Une lecture publique de la pièce de “théâtre documentaire”, Sivas‘93, aura lieu le 3 Mai 2017 , au 100 ESC, dans le cadre du Festival, l’Europe des Théâtres, organisé par Dominique Dolmieu, directeur de la Maison d’Europe et d’Orient.
Sivas’93 | Lecture publique, le 3 Mai 2017 à 20h au 100 ESC, 100 rue de Charenton 75012 Paris
Traduite et dirigée par Selin Altıparmak | avec Selin Altıparmak, Thérésa Berger, Jérémie Bergerac, Şükrü Munoğlu, Ege Olgaç par la Compagnie S’en Revient | Evénement Facebook
Nous, nous étions allés à la fête.
Eux, ils étaient venus pour tuer.
Nous avions confiance en l’Etat.
L’Etat était de leur côté.
Eux, ils croyaient à la mort.
Nous, on croyait à l’amour
Eux, ils étaient nombreux.
Nous étions un tout petit nombre
C’est par ces phrases que commence Sivas ‘93, la pièce de théâtre documentaire que Genco Erkal a écrit en 2007. Genco Erkal, metteur en scène et comédien turc, exprime ainsi la naissance de l’idée d’écrire une pièce documentaire sur le massacre de Sivas, dans son article « L’histoire de la pièce, Oyunun Öyküsü » :
« Un feu est tombé dans mon cœur au début du mois de Juillet.
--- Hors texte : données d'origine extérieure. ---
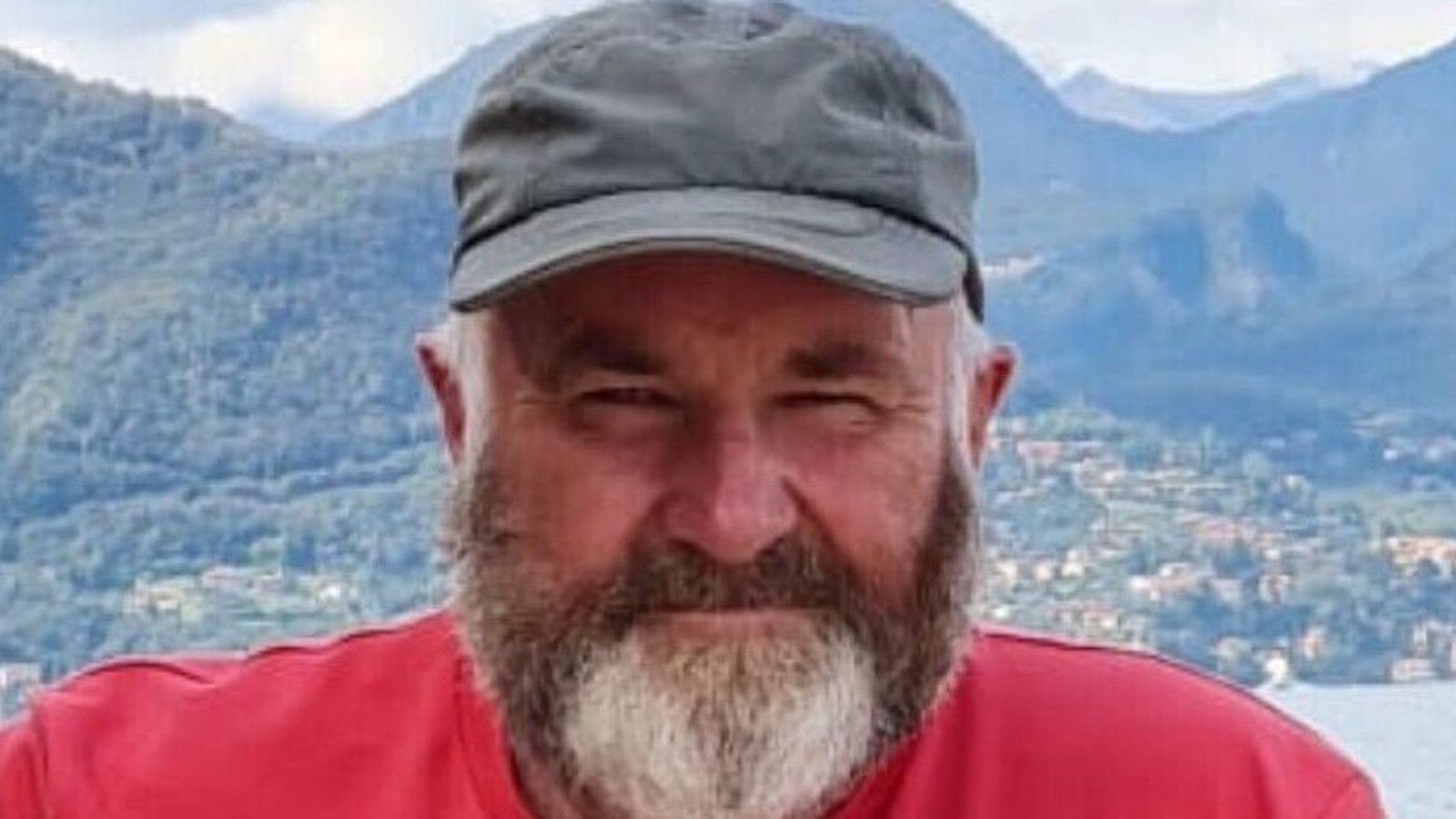Absence of Mike Gaine from rally described as dark shadow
J’étais en vacances pour trois, quatre jours. Au quatorzième anniversaire de ce jour fatidique, j’étais en train de lire un article de Dikmen Gürün Uçarer dans le journal Cumhuriyet. Dans l’article, elle disait qu’il y avait beaucoup d’événements importants dans notre histoire récente et elle se demandait pourquoi nos auteurs n’écrivaient pas de pièces de théâtre documentaires sur ses sujets-là. Et comme exemple, elle citait l’incendie qui avait eu lieu à l‘Hôtel Madımak.
Soudain, je me suis souvenu ; l’année dernière elle avait écrit un article similaire, et j’avais partagé son avis de tout mon cœur. Cette fois-ci, en dehors du fait de partager son avis, une idée commençait à naître dans ma tête. »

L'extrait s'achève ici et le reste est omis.